Australian immigration detention facilities comprise a number of different facilities throughout Australia (including one on the Australian territory of Christmas Island). They are currently used to imprison people who are detained under Australia’s policy of mandatory immigration detention, and previously under the now defunct Pacific Solution. The facilities are currently operated by Serco, and were previously run under G4S who used to be named Global Solutions Limited (GSL), under contract from the Department of Immigration and Border Protection (DIBP).

Background 
The Migration Act 1958 allowed discretionary detention of unauthorised arrivals until 1992. Since the 1990s when the Keating Government created a policy of mandatory detention of unauthorised arrivals, with non-citizens arriving by boat without a valid visa being detained until they were either granted a visa, or deported. Towards the end of the 1990s, a large increase in the number of unauthorised arrivals exceeded the capacity of the existing Immigration Reception and Processing Centres at Port Hedland and Curtin.

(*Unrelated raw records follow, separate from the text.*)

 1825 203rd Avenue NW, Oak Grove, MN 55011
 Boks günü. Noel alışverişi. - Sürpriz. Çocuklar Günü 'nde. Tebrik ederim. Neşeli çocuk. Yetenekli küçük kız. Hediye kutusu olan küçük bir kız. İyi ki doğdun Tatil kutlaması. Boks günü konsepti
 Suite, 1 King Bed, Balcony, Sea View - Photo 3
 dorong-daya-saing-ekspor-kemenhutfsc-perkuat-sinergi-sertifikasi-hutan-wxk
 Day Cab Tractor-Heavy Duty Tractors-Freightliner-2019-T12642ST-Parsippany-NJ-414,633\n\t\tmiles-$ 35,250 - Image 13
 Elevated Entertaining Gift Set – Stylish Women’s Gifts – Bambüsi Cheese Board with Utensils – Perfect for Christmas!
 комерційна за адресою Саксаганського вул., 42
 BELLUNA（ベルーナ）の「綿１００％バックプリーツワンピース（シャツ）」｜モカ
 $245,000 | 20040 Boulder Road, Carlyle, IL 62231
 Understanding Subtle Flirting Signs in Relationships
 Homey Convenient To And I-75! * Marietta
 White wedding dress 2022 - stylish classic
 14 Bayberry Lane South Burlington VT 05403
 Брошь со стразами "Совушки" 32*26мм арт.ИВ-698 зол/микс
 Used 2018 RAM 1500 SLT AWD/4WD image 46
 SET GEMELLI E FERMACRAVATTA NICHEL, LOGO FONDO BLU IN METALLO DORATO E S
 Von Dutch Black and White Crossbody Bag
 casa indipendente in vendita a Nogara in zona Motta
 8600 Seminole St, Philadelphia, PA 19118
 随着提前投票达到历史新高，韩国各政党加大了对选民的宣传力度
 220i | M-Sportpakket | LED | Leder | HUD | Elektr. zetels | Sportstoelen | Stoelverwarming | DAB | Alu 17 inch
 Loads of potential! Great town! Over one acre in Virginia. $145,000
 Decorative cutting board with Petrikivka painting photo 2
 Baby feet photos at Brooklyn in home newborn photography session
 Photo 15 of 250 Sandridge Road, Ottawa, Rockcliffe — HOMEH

The facilities have been a source of much controversy during their time of operation. There have been a number of riots and escapes, as well as accusations of human rights abuses from organisations such as refugee advocates, Amnesty International, the Australian Human Rights and Equal Opportunity Commission, Human Rights Watch, and the United Nations. Journalists are forbidden from entering the detention centres. On January 2014, the Australian Labor Party and the Australian Greens accused the government of a cover-up over a violent clash on 18 October 2013 at the Manus Island facility between the Papua New Guinea army and the Papua New Guinea police mobile squad hired for the facility's security, leading to Australian expatriate staff being evacuated, while local staff and asylum seekers remained. On 5 May 2014, it was reported that several Salvation Army staffers had alleged that refugees were regularly subjected to beatings, racist slurs, and sexual assaults within the facility. 

In March 2002, Irene Khan, the Secretary General of Amnesty International, said: It is obvious that the prolonged periods of detention, characterised by frustration and insecurity, are doing further damage to individuals who have fled grave human rights abuses. The detention policy has failed as a deterrent and succeeded only as punishment. How much longer will children and their families be punished for seeking safety from persecution? Former Prime Minister John Howard and successive immigration ministers maintained that their actions were justified in the interests of protecting Australia's borders and ensuring that immigration law was enforced.